Javert remained where he was, standing in the midst of his baggage. The youth, noticing that he wasn't being followed, turned back and drawled, " Well, come in why don't you?"

Javert looked down at his luggage then at the boy with a painful expression.

"Oh, that! Just come back for it. Not like anyone's going to crib it"

Javert thought about having it out with the cheeky whelp then and there on the doorstep, decided against it and slipped inside with as much of his baggage as he could manage at one time.

"Two flights up" said the boy, wandering off into the dark interior of the house and leaving, in an inexplicably thoughtful gesture, the candle behind him: "Blow that out and shut the door when you're don't will you?"

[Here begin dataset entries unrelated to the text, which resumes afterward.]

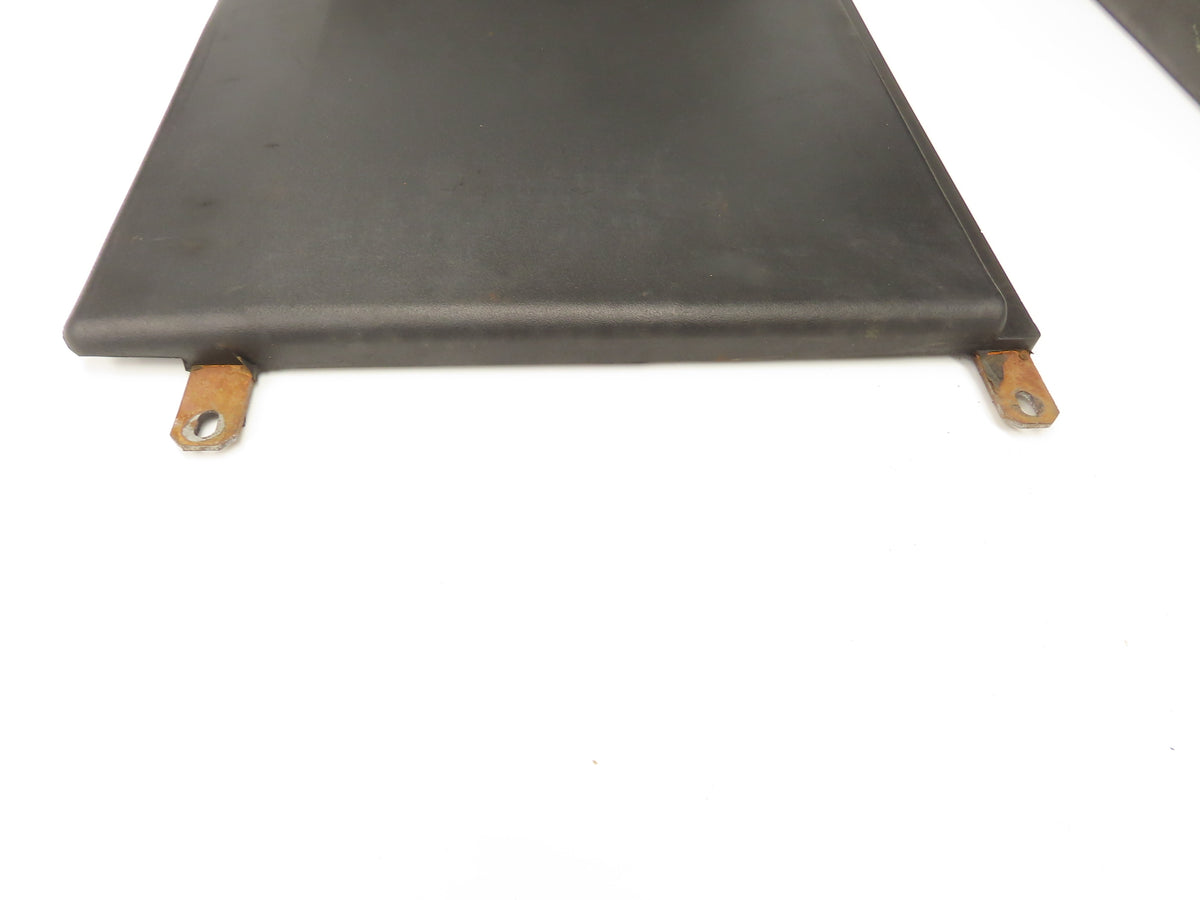 Hyster Operator Center Rubber Foam Cover Set of 4 Off E40HSD Forklift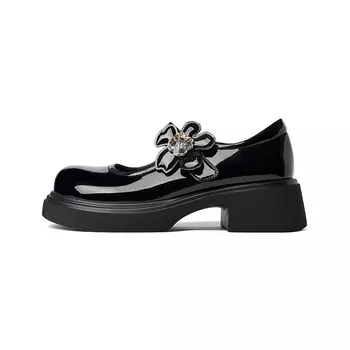 Туфли JOSINY Mary Jane Shoes Women's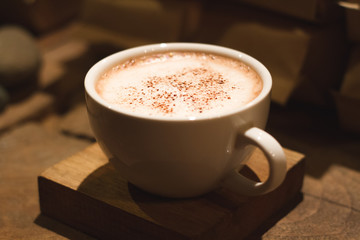 vintage cafe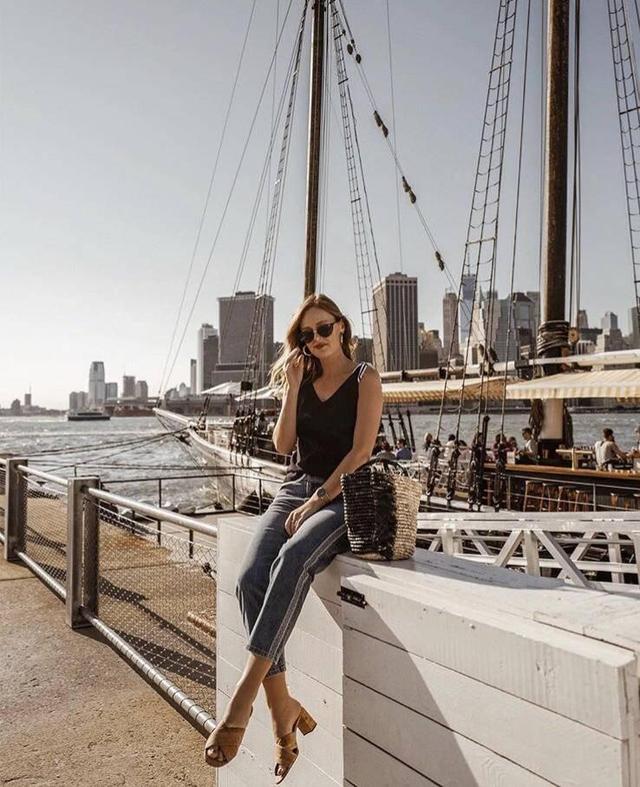 九分褲怎麼穿才不路人？ 建議你換一雙涼鞋！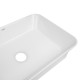 Qtap Раковина-чаша Virgo 490х350х110 White QT18112261WN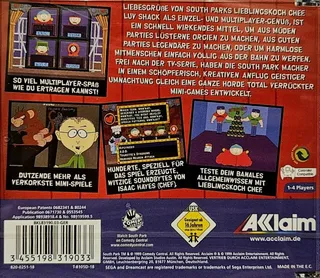 South Park : Chef's Luv Shack dos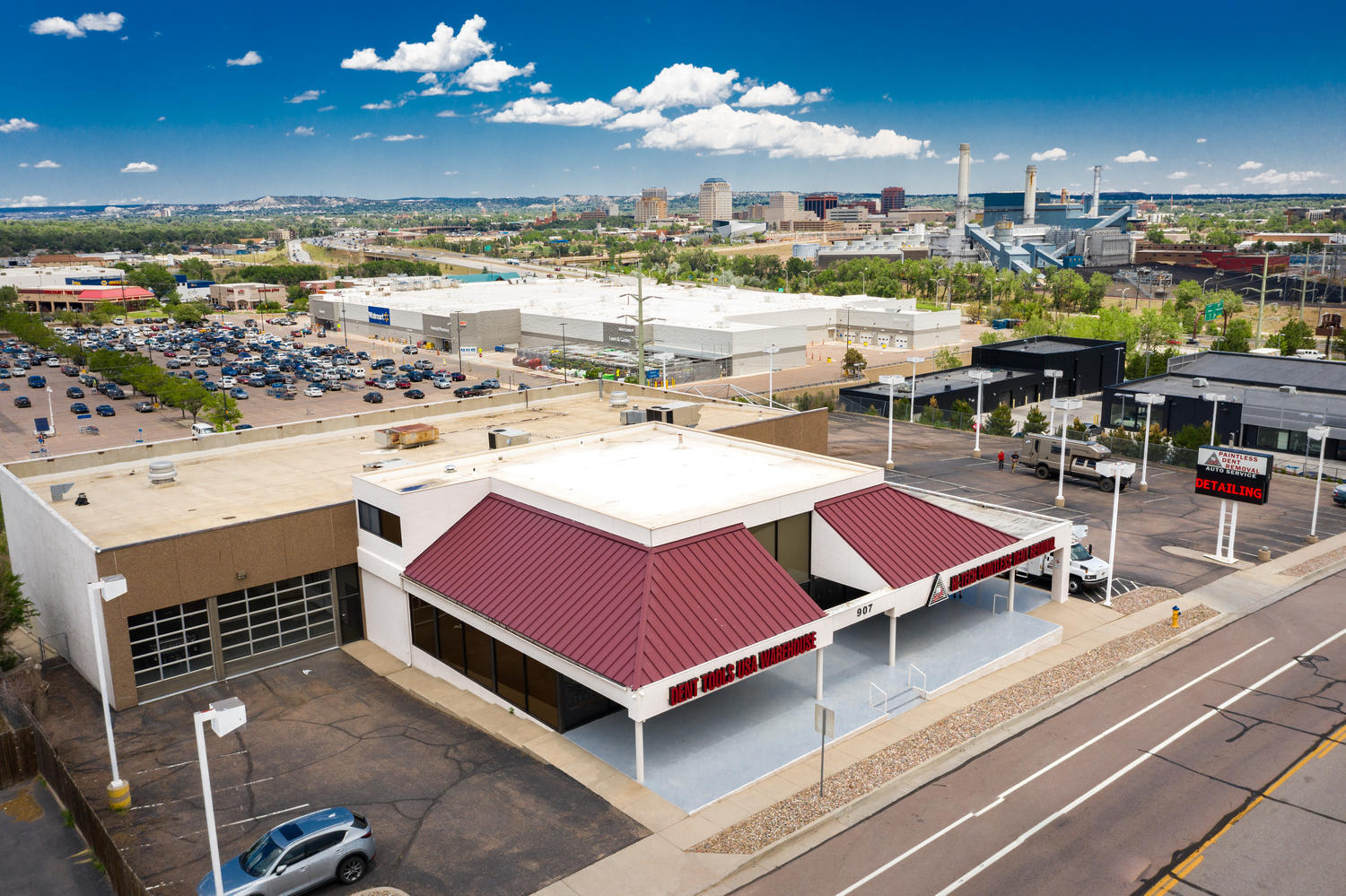 907-909 Motor City Dr, Colorado Springs, CO for sale Building Photo- Image 1 of 1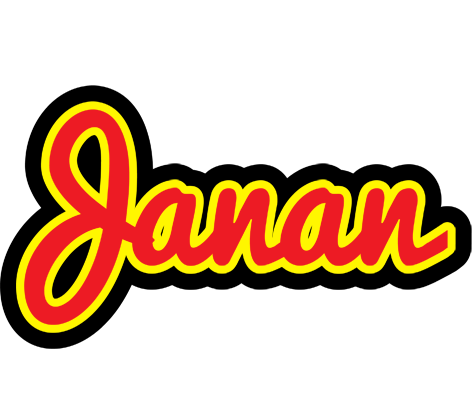 Janan fireman logo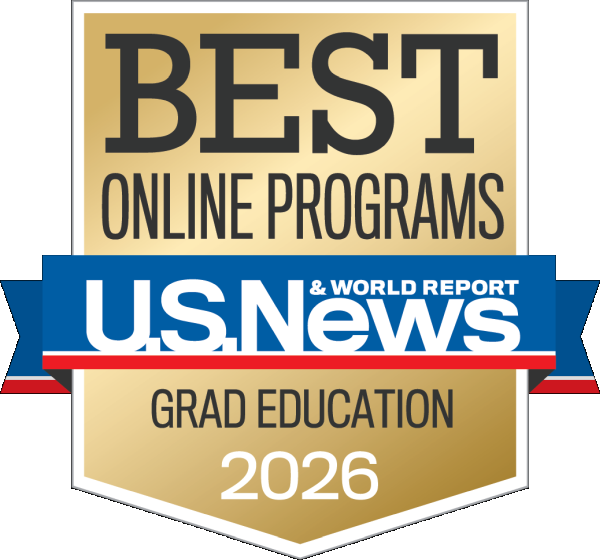 Best Online Programs Grad Education by U.S. News 2026
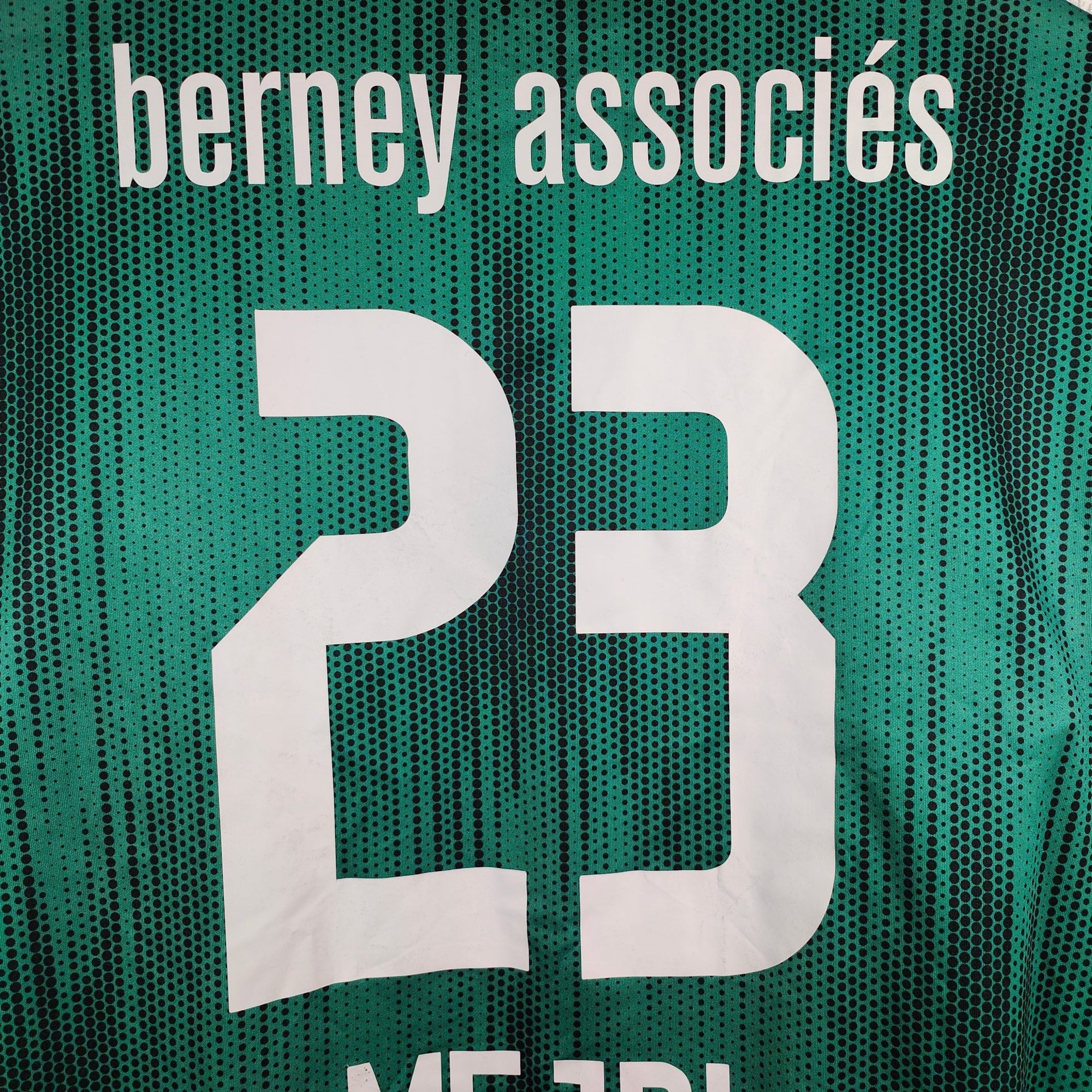 2019 - 20 Stade Lausanne Ouchy Third Shirt Mejri 23 - 7/10 - (M) - Eternal Pitch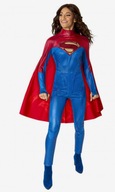 Kostium SuperGirl / Kostium Strój Karnawałowy / M-L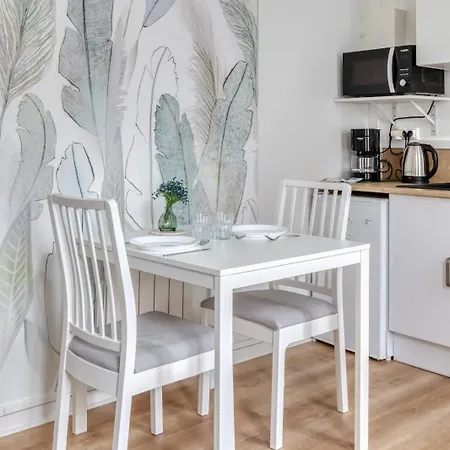 Lägenhet Blue Bird Avec Place De Parking !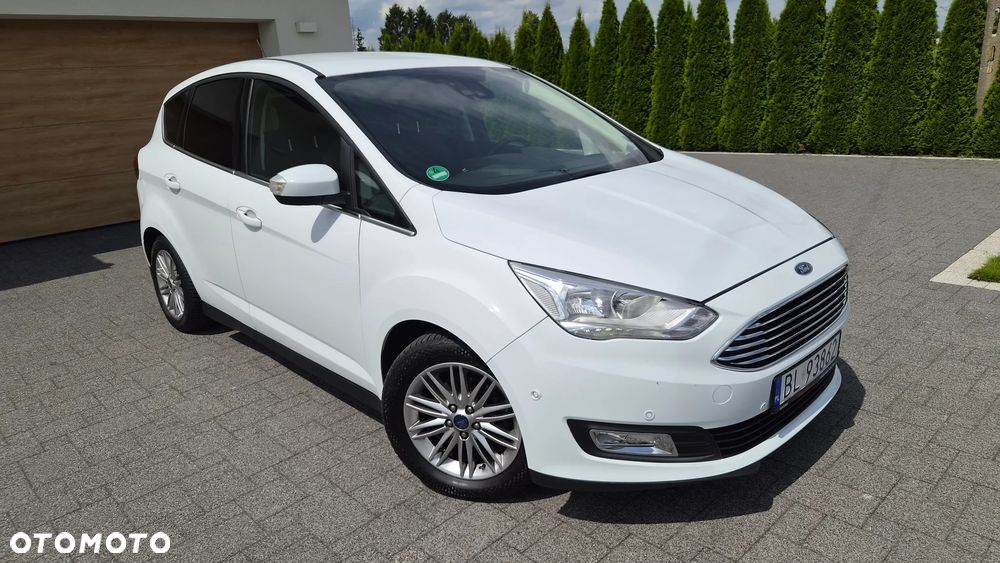 Ford C-MAX 1.0 EcoBoost Titanium ASS - 23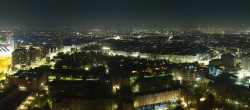 Archived image Webcam Vienna - View of the city 19:00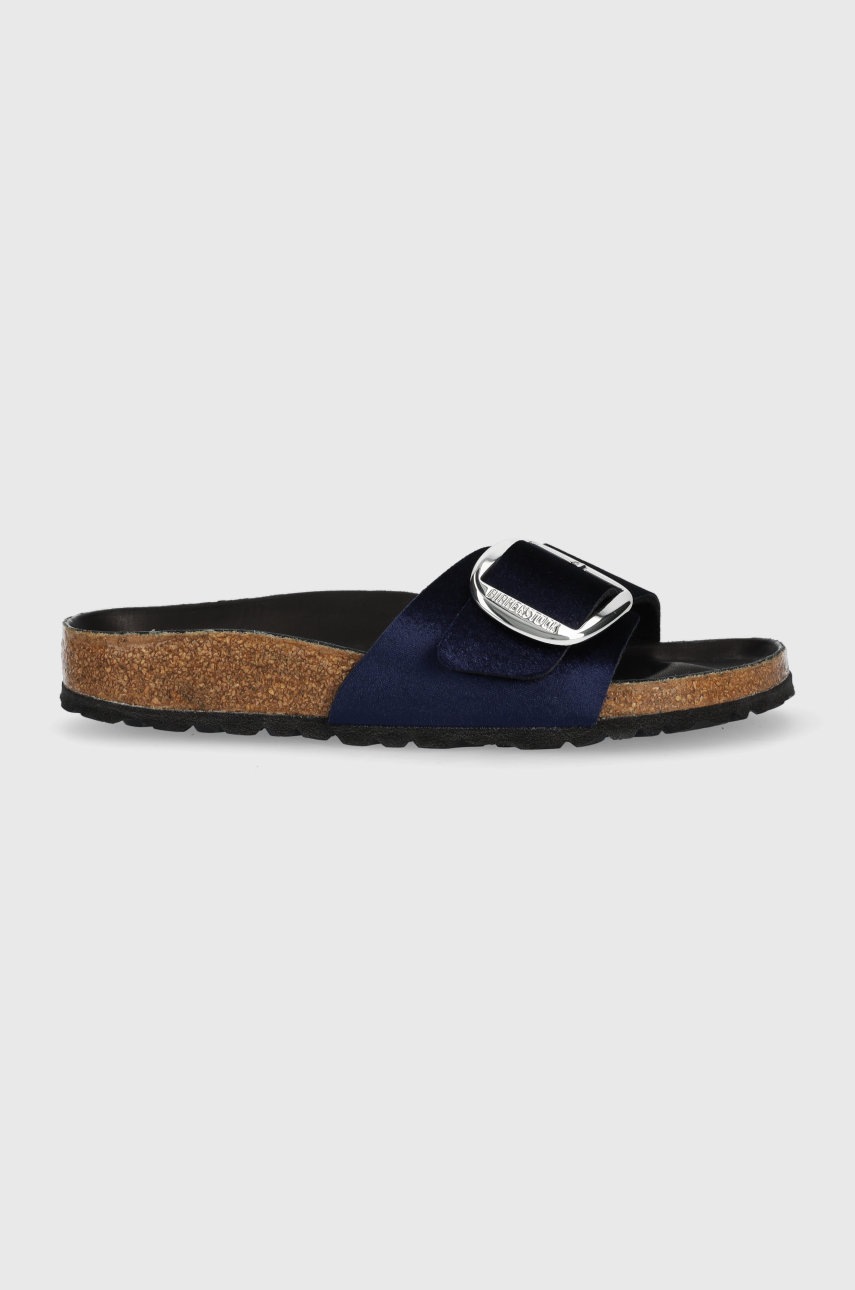 

Чехли Birkenstock Madrid Bb в тъмносиньо, Тъмносин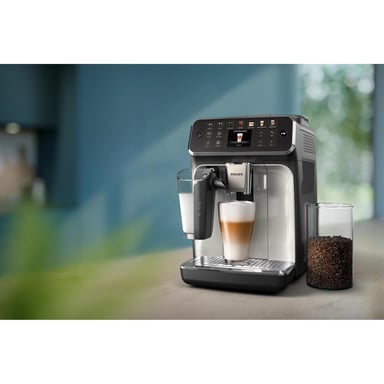 Philips 4400 Series Cafetera espresso completamente automática serie 4400 EP4446/70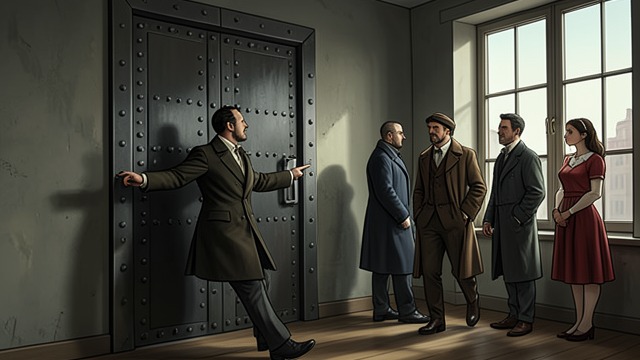 Posthumous Relief from "The Metamorphosis". Posthumous Relief Dismissed Tenants Mr. Samsa expels The Three Lodgers without fear of losing their rent.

"Freluquet!" Javert hissed as he clunked up the stairs, glancing over his should with a look that would have made anyone who knew him in a professional capacity think about beating a hasty retreat. At the top of the second flight of steps he found his key hung about the door handle by another mouldy length of string. He opened the door, pushed his luggage into what he assumed, in the darkness, to be the centre of the room, and returned downstairs for the rest. On his last trip he contrived somehow to have a free hand with which to carry the candle and so, returning upstairs, he was able to see something that had been placed just to the side of his door and which may or may not have been their before. He stooped down and found half a loaf of cheap black 'Prison' bread and a small, wizened apple that had certainly seen better days.

Javert was not greatly disposed to investigate this miracle, although the part of his brain that remained permanently on duty noted that this was unlikely to be a gesture of repentance from the freckled boy.

Tearing into the bread with more enthusiasm than grace, he shifted the last of his boxes into his new lodgings, found his way into the bedroom, lay down upon the unmade bed and was asleep in minutes, secure in the knowledge that years of discipline meant that he could trust himself to wake to later than six.